GOAL OF THE EXERCISE
Set down the data again exactly. Pictures are not part of the copy.

DATA FOR ANALYSIS

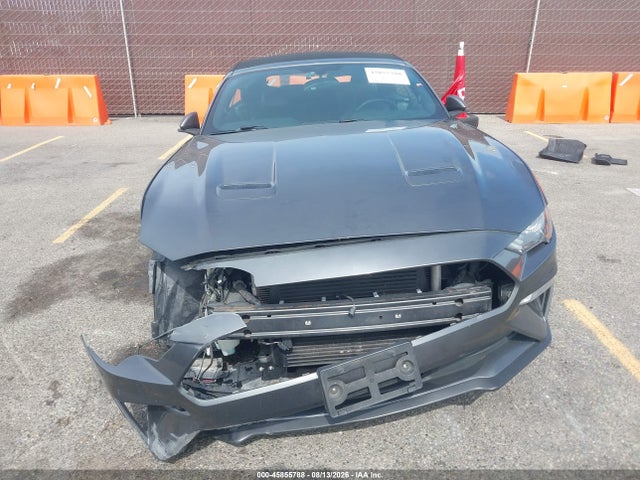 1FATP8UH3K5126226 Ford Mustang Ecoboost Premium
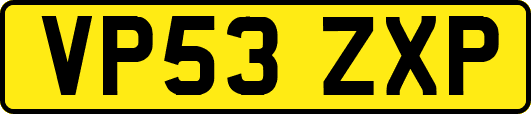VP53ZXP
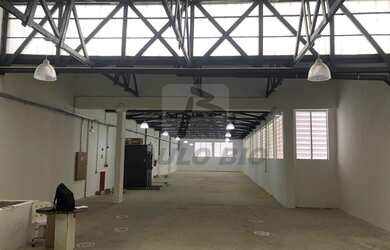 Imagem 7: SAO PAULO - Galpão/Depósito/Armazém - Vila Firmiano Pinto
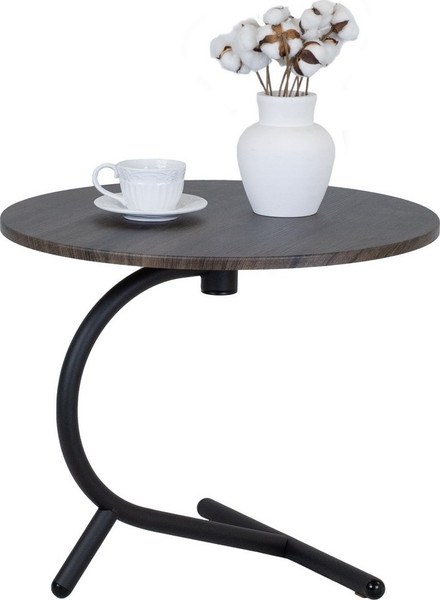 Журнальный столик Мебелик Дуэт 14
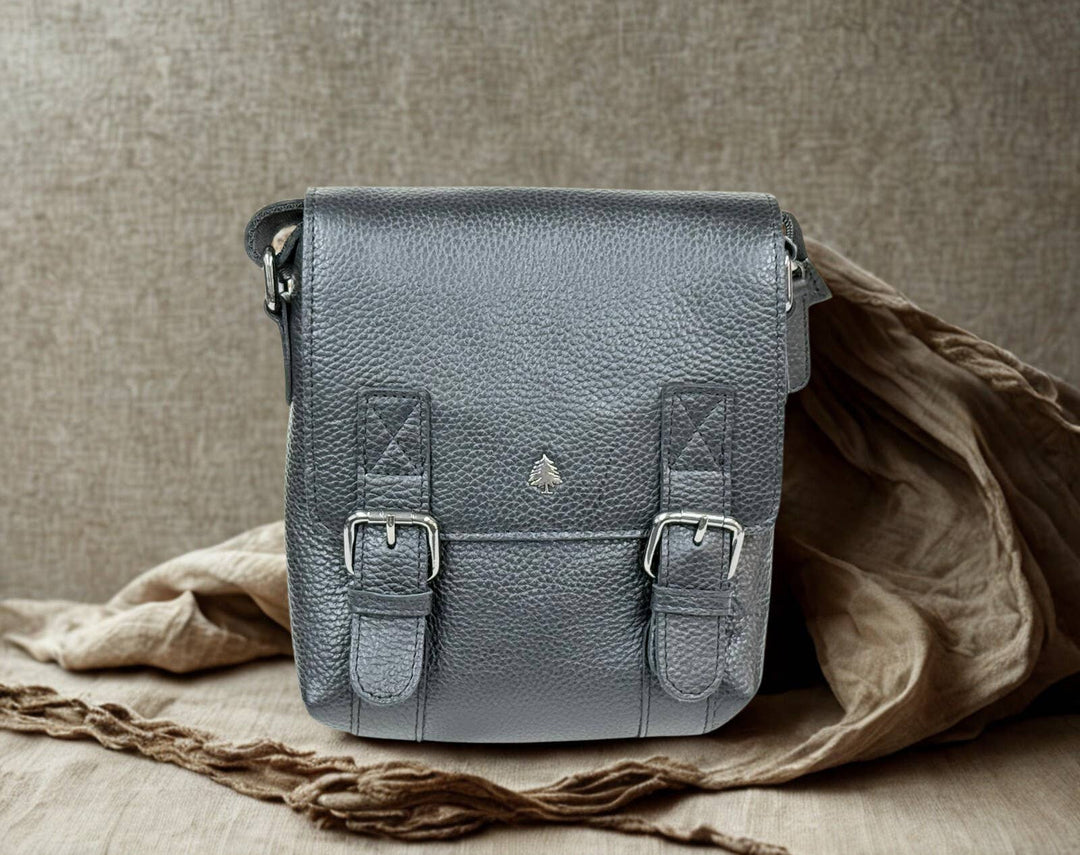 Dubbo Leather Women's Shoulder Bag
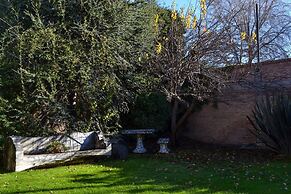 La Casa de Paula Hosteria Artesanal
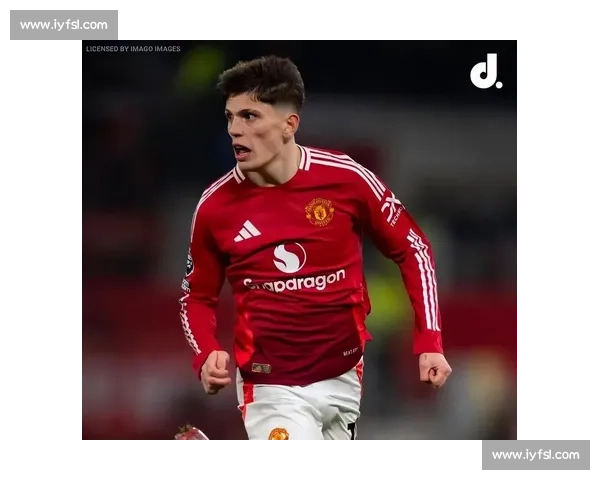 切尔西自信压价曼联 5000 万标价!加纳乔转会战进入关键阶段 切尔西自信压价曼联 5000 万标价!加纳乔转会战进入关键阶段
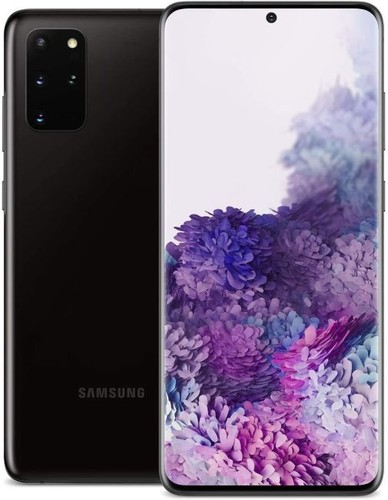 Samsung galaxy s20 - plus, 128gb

SOLUTION TO THE EXERCISE
 1FATP8UH3K5126226 Ford Mustang Ecoboost Premium
VP53ZXP
 Imagem 7: SAO PAULO - Galpão/Depósito/Armazém - Vila Firmiano Pinto
 Журнальный столик Мебелик Дуэт 14
 Dubbo Leather Women's Shoulder Bag
 La Casa de Paula Hosteria Artesanal
 切尔西自信压价曼联 5000 万标价!加纳乔转会战进入关键阶段 切尔西自信压价曼联 5000 万标价!加纳乔转会战进入关键阶段
 Samsung galaxy s20 - plus, 128gb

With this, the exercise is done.